-- Exercise material --
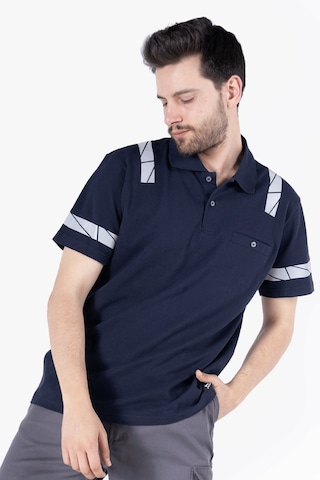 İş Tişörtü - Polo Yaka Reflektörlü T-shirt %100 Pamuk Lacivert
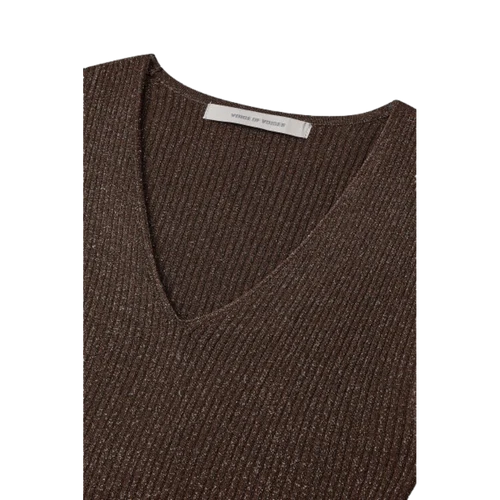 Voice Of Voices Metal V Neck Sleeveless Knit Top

* * *

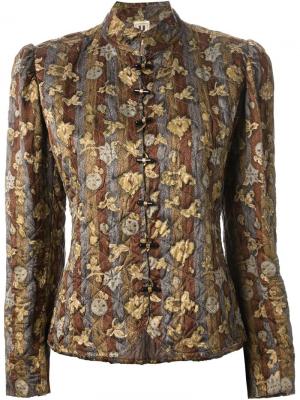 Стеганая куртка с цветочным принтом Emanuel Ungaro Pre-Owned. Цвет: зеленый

-- Goal of the exercise --
From the records above, transcribe only the stretch from the line with "İş Tişörtü - Polo" through the line with "Voice Of Voices", keeping both ends. Omit pictures.

-- Completed exercise --
 İş Tişörtü - Polo Yaka Reflektörlü T-shirt %100 Pamuk Lacivert
 Voice Of Voices Metal V Neck Sleeveless Knit Top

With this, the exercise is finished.